ZigBee signals are low-power radio frequency (RF) signals. Disadvantageously, such signals may not be able to adequately penetrate a building structure to reach wireless receivers inside, particularly when the transmitter is mounted on a building foundation—the composition and thickness of which can present a major impediment to the transmission of the low power signal into the structure, and even more so when the foundation contains reinforcement bars or other metallic elements. This could be overcome by increasing the power output of the transmitter. However, such a power increase might cause the carrier signal to interfere with like signals generated by transmitters at other buildings nearby.

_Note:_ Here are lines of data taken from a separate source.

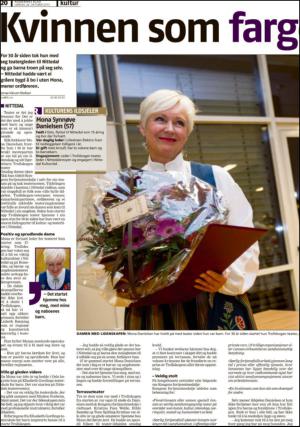 romerikesblad_nedre_seksjon-20131026_000_00_00_020.pdf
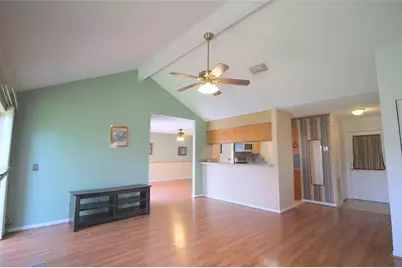 4423 Ranger Run, Sugar Land, TX 77479 - Photo 5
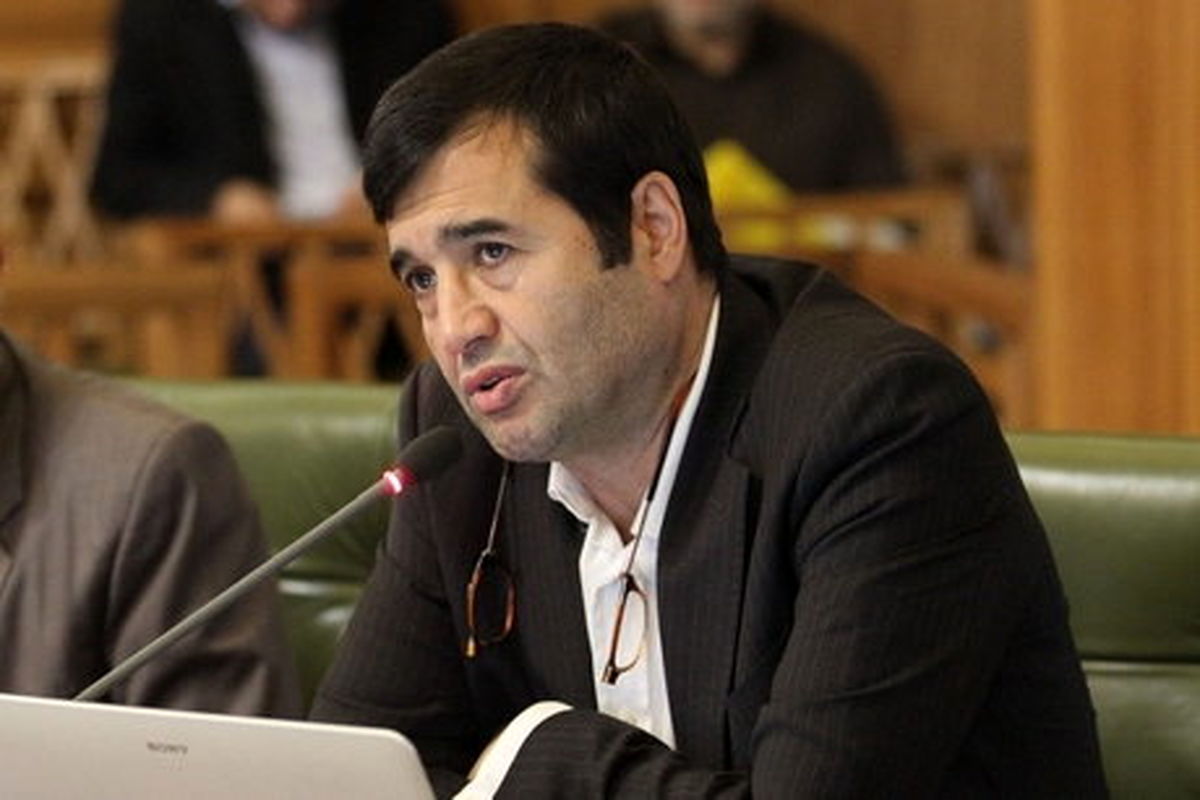 احمد دنیا مالی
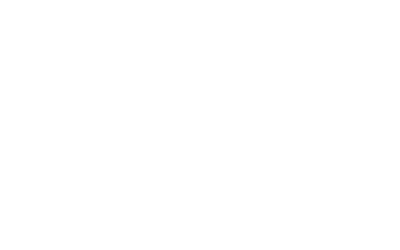 American Fitness Gym - Main Logo tranp white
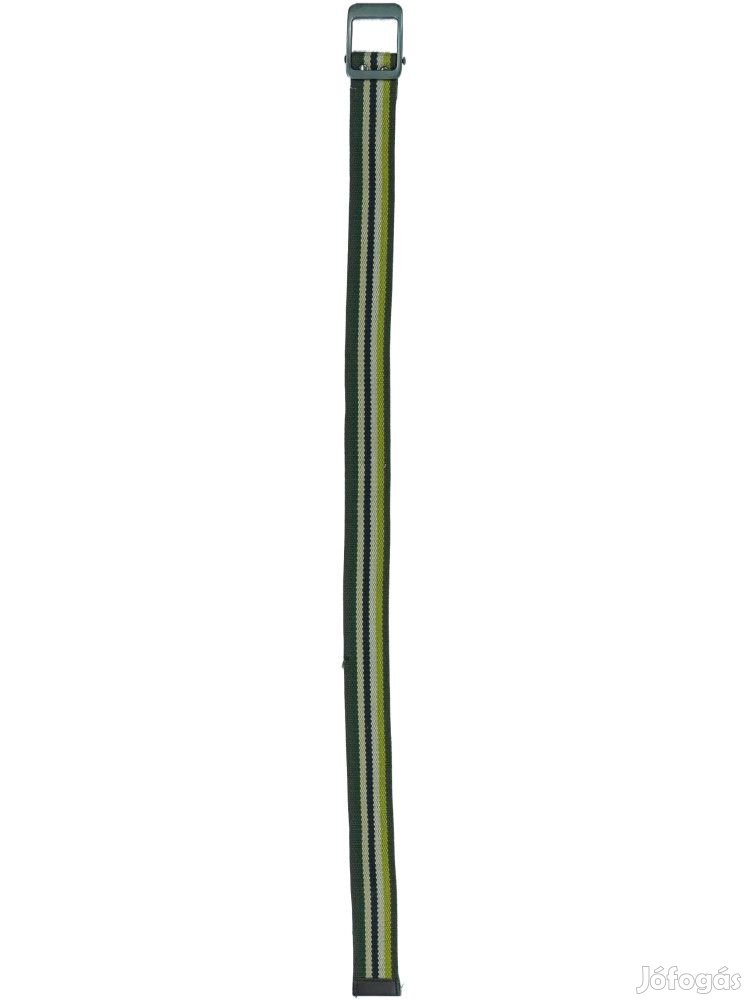 Next Használt (újszerű) Fiú Öv (Méret: 110)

In accordance with the invention that is the subject of our co-pending U.S. patent application Ser. No. 12/653,175 filed of even date herewith and entitled “Using surface wave propagation to communicate an information-bearing signal through a barrier,” a surface wave propagation mode, such as the so-called “G-Line” or Goubau propagation mode, is used as the mechanism for communicating an electromagnetic signal through a wall or other barrier along an electromagnetic-wave-guiding path. The latter may be, for example, an electrical power cable that extends through the barrier, per the invention that is the subject matter of our co-pending U.S. patent application Ser. No. 12/653,165 filed of even date herewith and entitled “Using an electric power cable as the vehicle for communicating an information-bearing signal through a barrier.” That approach allows a ZigBee or other carrier signal to be extended robustly through a building foundation or other RF signal barrier—on the other side of which it can be received, re-distributed, or repeated—using an existing pathway (viz., the power cable) through the barrier.

SUMMARY OF THE INVENTION

The present invention is directed to a novel coupler for launching surface waves—such as G-line mode waves—in applications such as those described above. As installed, the coupler is disposed on an electrical power cable, the cable having a least one power conductor and a conductive shield that surrounds the at least one conductor. The coupler itself surrounds the at least one power conductor and a portion of the coupler, but less than all of the coupler, also surrounds the shield. The coupler comprises at least first and second conductive layers that are insulated from one another, are insulated from the power conductor and are insulated from the shield.

BRIEF DESCRIPTION OF THE DRAWING

FIG. 1 shows an arrangement embodying the principles of the invention; and

FIG. 2 is a cross-sectional view of a coupler illustratively used in the embodiment of FIG. 1.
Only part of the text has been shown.